When you are working on a problem where you can’t even evaluate the scoring function inside your AI—not even remotely close—you have to make some heuristics, some substitute scoring.
Let’s consider chess as example:
The goal of chess is to maximize win value, the win values being enemy checkmated>tie>you are checkmated.
The goal of the chess AI developed with maximization of win in mind, is instead perhaps to maximize piece dis-balance in 7 ply.
(This works better for maximizing win, given limited computation, than trying to maximize the win!)
And once you have an AI inside your framework which is not maximizing the value that your framework is maximizing—it’s potentially AI from my original post in your framework, getting out.
You’re right, this is tricky because the self-optimizer thread (4) might have to call (3) a lot. Perhaps this can be fixed by giving the program more time to find self-optimizations. Or perhaps the program could use program (3)’s specification/source code rather than directly executing it, in order to figure out how to optimize it heuristically. Either way it’s not perfect. At worst program (4) will just fail to find optimizations in the allowed time.

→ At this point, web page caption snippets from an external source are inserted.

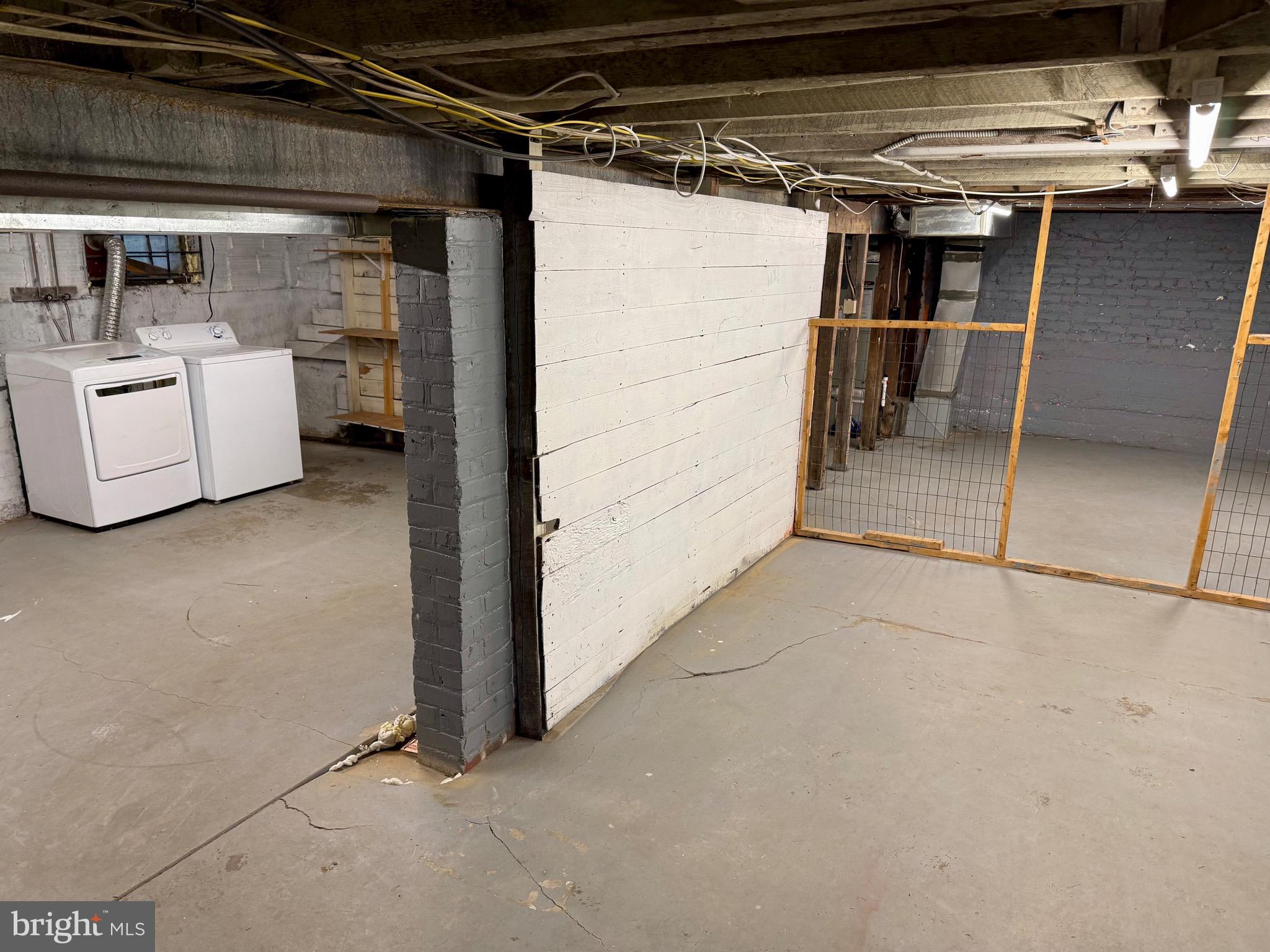 DOWNTOWN FREDERICKSBURG - Residential Lease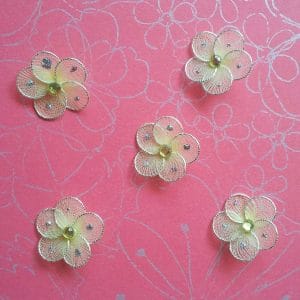 Net Flowers - Light Yellow CA0046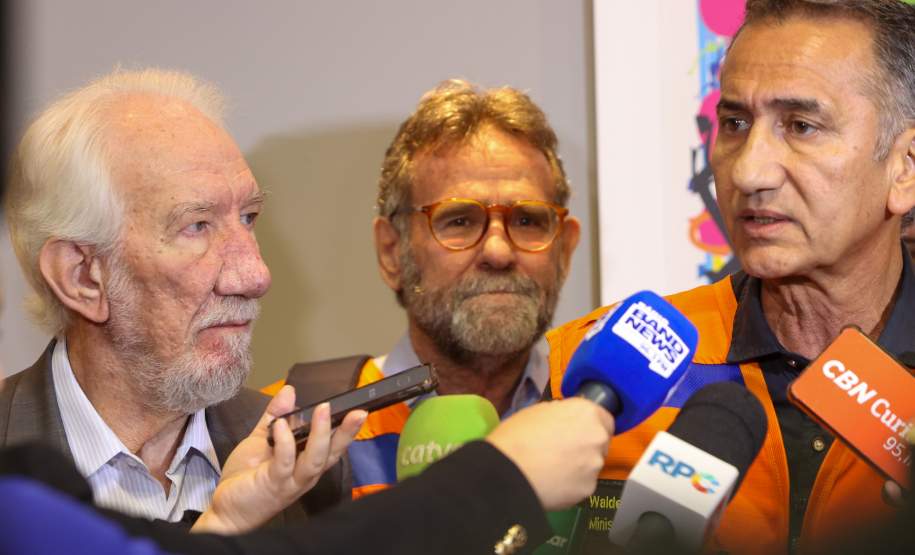 Vice-governador e ministro da Integração se reúnem com moradores de União da Vitória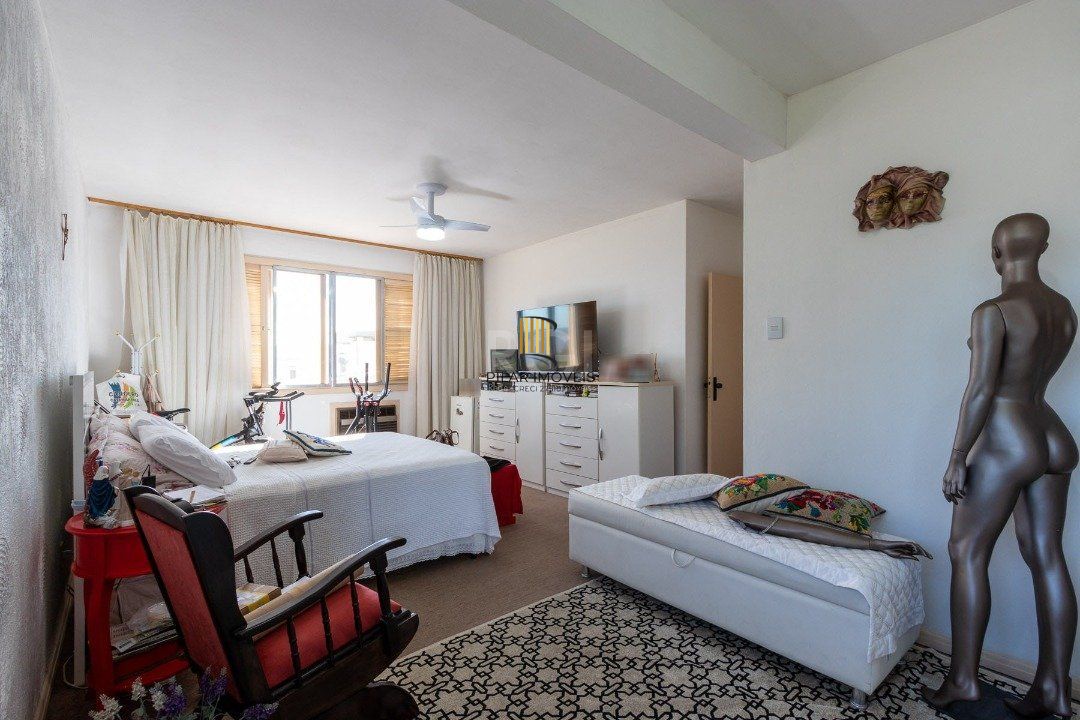 Casa para Venda - 400m², 5 dormitórios, sendo 2 suites, 4 vagas - Vila Assunção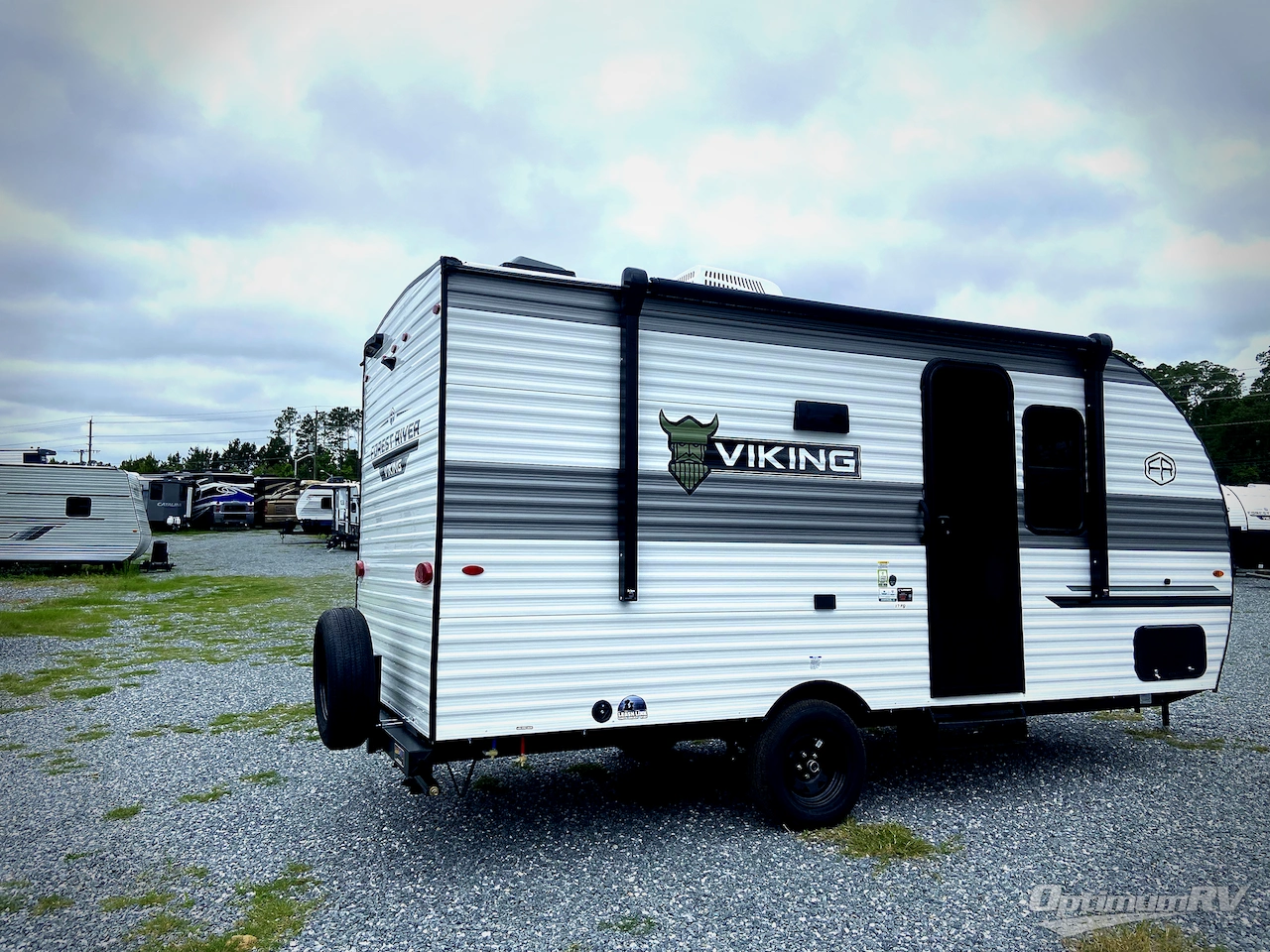 2025 Forest River Viking 3K Series 17SFQ Photo 4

Ok, if you plopped your AI into my framework it would be terrible. But I don’t see how the self-improvement process would spontaneously create an unfriendly AI.

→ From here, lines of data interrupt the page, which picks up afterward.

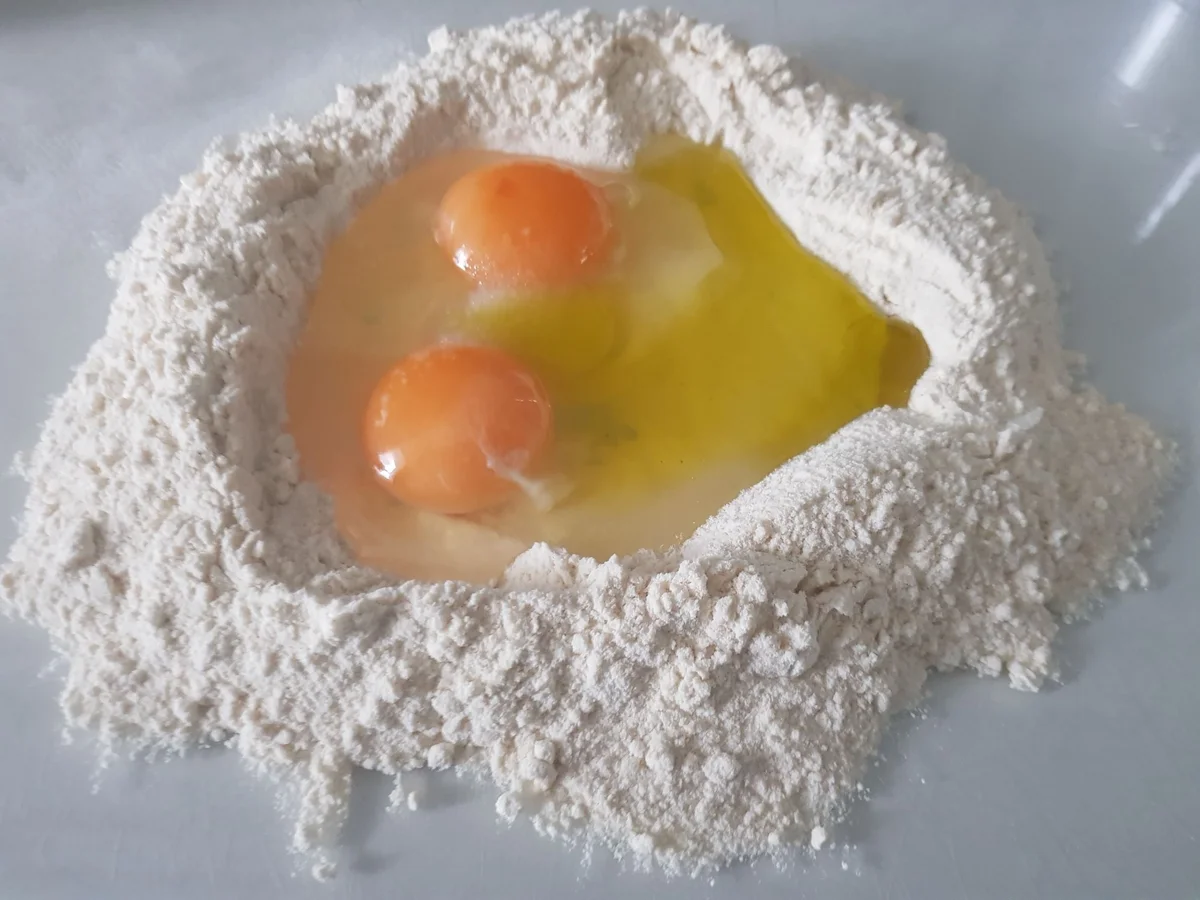 Pappardelle "tri color" aglio e olio - Rezept - Bild Nr. 14469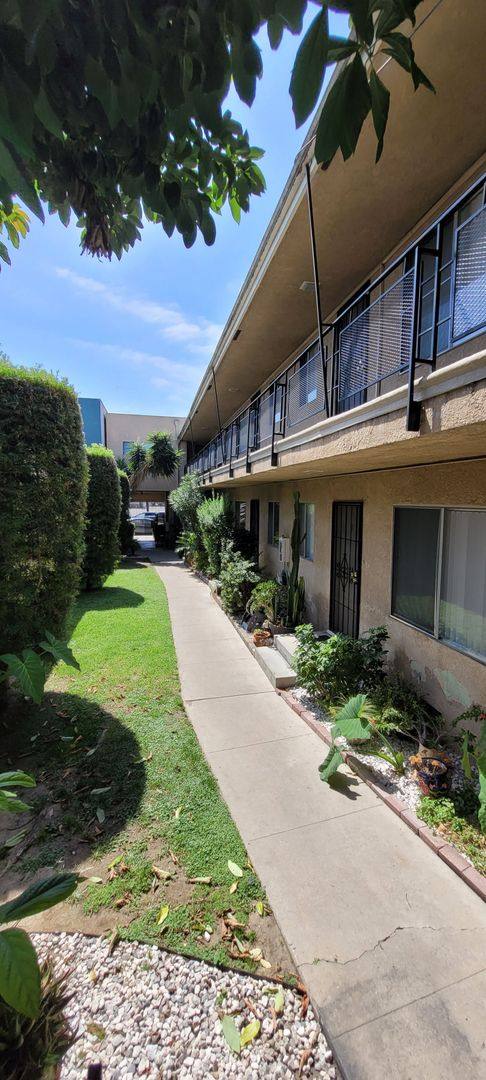 Apartment for rent at 1015 - 21 E, Long Beach, CA 90802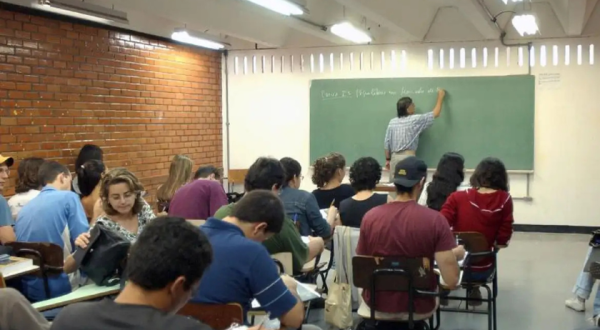 Ensino superior no Brasil pode mais que dobrar salário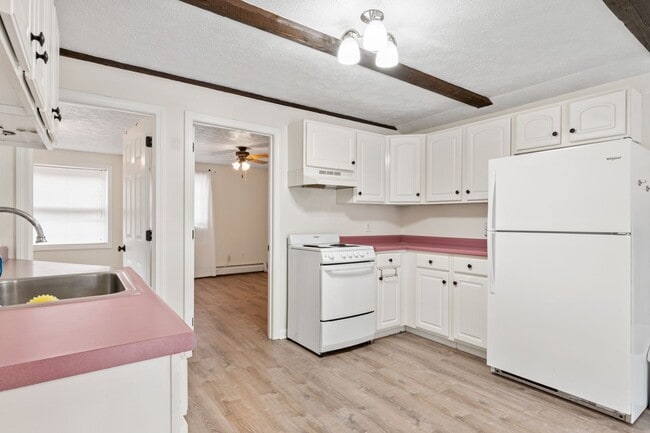 Building Photo - 381 Littlefield Rd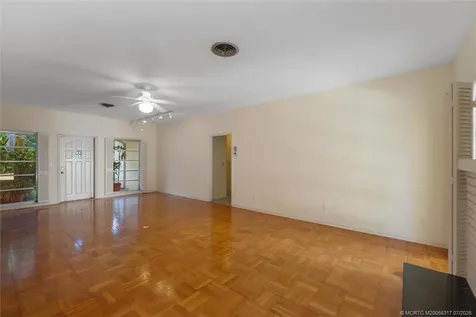 24 N Via Lucindia Sewalls Point FL 34996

The framework, as we already have established, would not keep an AI from maximizing what ever the AI wants to maximize.
The framework also does nothing to prevent AI from creating a more effective problem solving AI that is more effective at problem solving by not evaluating your problem solving functions on various candidate solutions, and instead doing something else that’s more effective. I.e. the AI with some substitute goals of it’s own instead of straightforward maximization of scores. (Heh, the whole point of exercise is to create AI that would keep self improving, meaning, would improve it’s ability to self improve. Which is something that you can only do by some kind of goal substitution because the evaluation of the ability to self improve is too expensive—the goal is a something that you evaluate many times.)

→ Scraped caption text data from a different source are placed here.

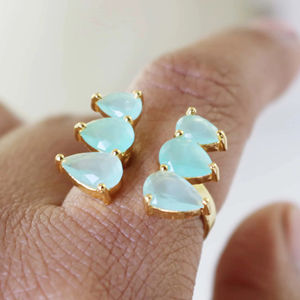 Anillo de Calcedonia Aqua Hecho a Mano, Chapado en Oro de 18k, Anillo Ajustable para Mujer - Product Image 1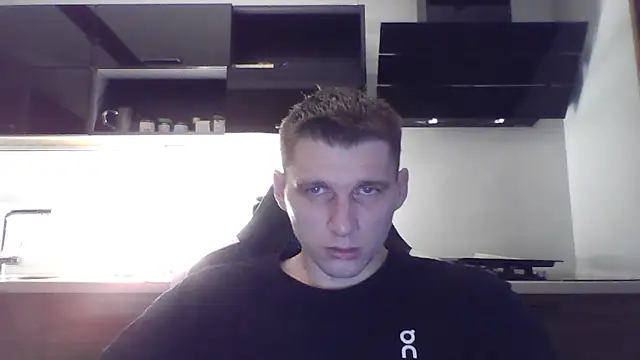 Snapshot of Poliglotjoe1 chatting on February 27, 2026, 4:45 am Poliglotjoe1 online show from February 27, 2026, 4:45 am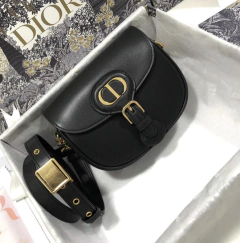 Bolsa Dior Bobby Pequena Preta Italiana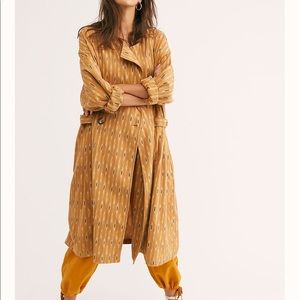 FREE PEOPLE - Size Small SOLD OUT Duster!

So what does the framework do, exactly, that would improve safety here? Beyond keeping the AI in the rudimentary box, and making it very dubious that the AI would at all self improve. Yes, it is very dubious that under this framework the unfriendly AI will arise but is some added safety, or is it a special case of general dubiousness that a self improvement would take place? I don’t see added safety. I don’t see framework impeding growing unfriendliness any more than it would impede self improvement.
edit: maybe should just say, nonfriendly. Any AI that is not friendly, can just eat you up when hungry and it doesn’t need you.
That’s only if you plop a ready-made AGI in the framework. The framework is meant to grow a stupider seed AI.
Program (3) cannot be re-written. Program (2) is the only thing that is changed. All it does is improve itself and spit out solutions to optimization problems. I see no way for it to “create a more effective problem solving AI”.
It provides guidance for a seed AI to grow to solve optimization problems better without having it take actions that have effects beyond its ability to solve optimization problems.
A lot goes into solving the optimization problems without invoking the scoring function a trillion times (which would entirely prohibit self improvement).
Look at where similar kind of framework got us, the homo sapiens. We were minding our business evolving, maximizing own fitness, which was the all we could do. We were self improving (the output being next generation’s us). Now there’s talk of Large Hadron Collider destroying the world. It probably won’t, of course, but we’re pretty well going along the bothersome path. We also started as a pretty stupid seed AI, a bunch of monkeys. Scratch that, as unicellular life.